Todo empezó en 1919 cuando el médico Edward Krumbhaar observó que uno de los efectos que veía de forma repetida en pacientes excombatientes que habían sido expuestos al gas era un recuento bajo de glóbulos blancos. Sin embargo, no fue hasta años después en las vísperas de la Segunda Guerra Mundial cuando se llevó a cabo una investigación secreta en la Universidad de Yale, liderada por los farmacólogos americanos Goodman y Gilman, en la que se corroboró ese hallazgo de leucocitopenia (descenso de glóbulos blancos) en animales de experimentación. Fue en 1942 cuando ambos científicos realizaron el primer ensayo clínico con un paciente identificado como JD, que padecía un tipo de cáncer de los linfocitos conocido como linfosarcoma. Recibió el primer tratamiento experimental con una mostaza nitrogenada (similar químicamente al gas mostaza) conocida como mecloretamina en unas dosis muy bajitas. El resultado de este experimento trajo la gran noticia de que su tumor se había reducido de forma considerable, aunque no de forma definitiva como se vio al cabo del tiempo.


Gracias a este hallazgo, se continuó con esta línea de investigación hasta que se publicaron los resultados y conclusiones sobre este proyecto en 1946. Nacieron de aquí los primeros quimioterápicos y a raíz de ellos, se comenzaron numerosos experimentos que dieron a luz años después al nacimiento de otros antineoplásicos que se continúan usando hoy en día (uno de ellos, gracias al estudio del ácido fólico, logró llegar a la síntesis del famoso metotrexato). 

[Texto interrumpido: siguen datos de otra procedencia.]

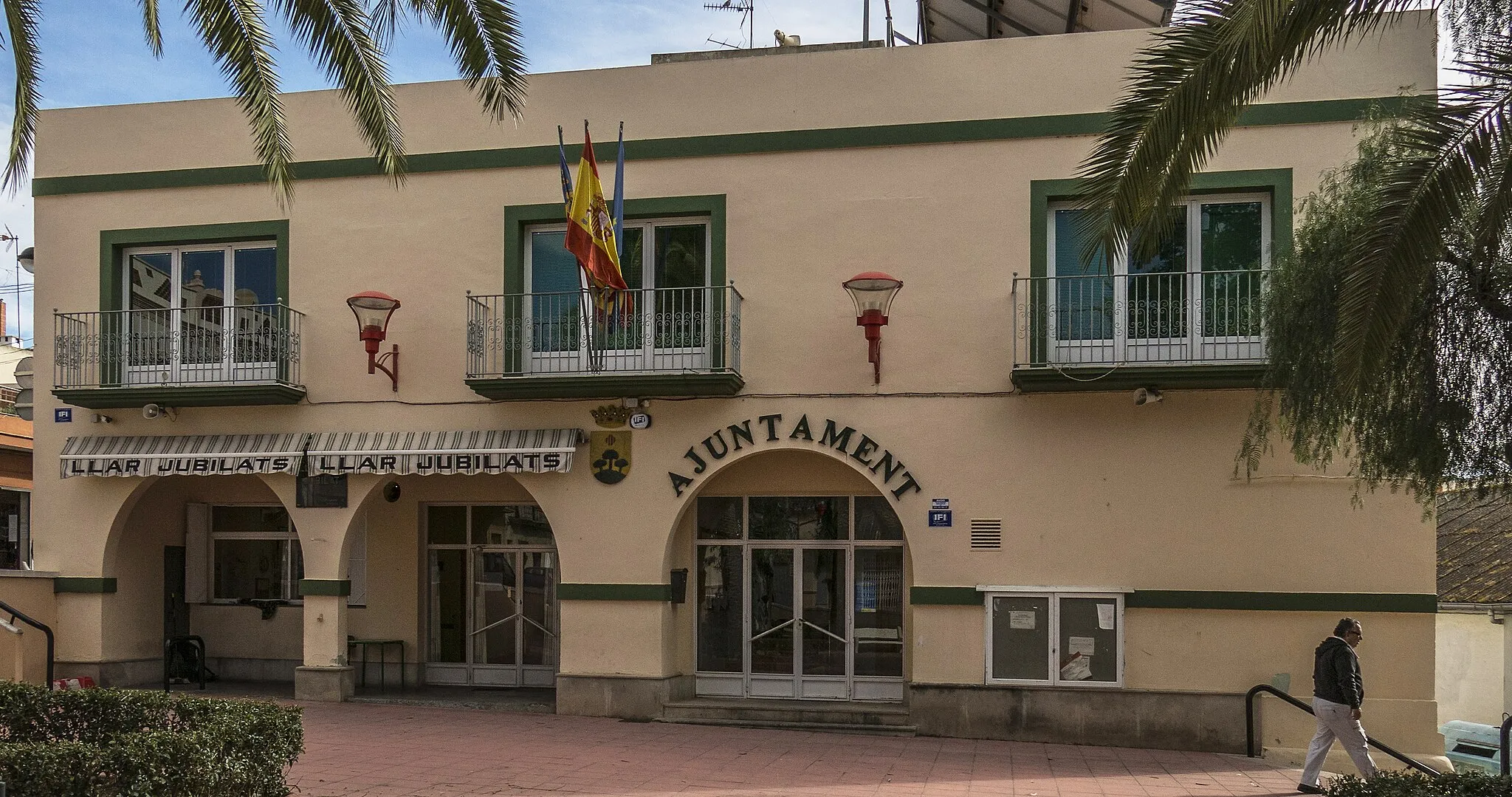 Photo showing: Benicull de Xúquer és un municipi valencià que es troba a la comarca de la Ribera Baixa. Limita amb Corbera i Polinyà de Xúquer (a la mateixa comarca); i amb Alzira (a la comarca de la Ribera Alta).
Aquesta imatge ha sigut publicada en:

País Valencià poble a poble, Benicull, 11-03-2018
Guía Repsol, Benicull Consulta 02-04-2021.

Después de toda esta historia tan emocionante sobre cómo de un arma nació uno de los avances farmacológicos más importantes en la historia de la Medicina, se me ocurren varias conclusiones que podríamos sacar de aquí. La primera de ellas, es que casi todo en esta vida depende de no solo la intención, sino la finalidad con la que se use. Que ese mismo cerebro, ingenio y talento humano usado para destruir, tan solo décadas más tarde recoge las ruinas de ese desastre para crear de cero uno de los mayores progresos de nuestros días. Y eso, simplemente eso, me parece alucinante. 

La segunda conclusión es quizás algo más cursi (o simplemente más profunda, eso según la óptica con la que se mire) y es que el gas mostaza en sí me recuerda bastante a cómo nosotros podemos ser por dentro: cómo podemos llegar a tener el mismo potencial para destruir que para curar a otros. Cómo en algunos momentos de nuestra vida hemos podido hacer daño y decepcionar pero cómo en otros, con esa misma materia hemos sido capaces de construir, de alegrar e incluso de sanar. Por eso mismo, es vital conocer la materia de la que estamos hechos al igual que es importante conocer las propiedades de aquellas armas que pueden destruirnos en una guerra: es necesario para sobrevivir y de paso hacerlo de una forma que consigamos dejar un mundo mejor a nuestro paso. 


Así que con todo esto, querido lector, cuando te sientas un poco como el gas mostaza de tóxico y de destructivo, piensa que gracias a que existió mucha gente sobrevivió al cáncer.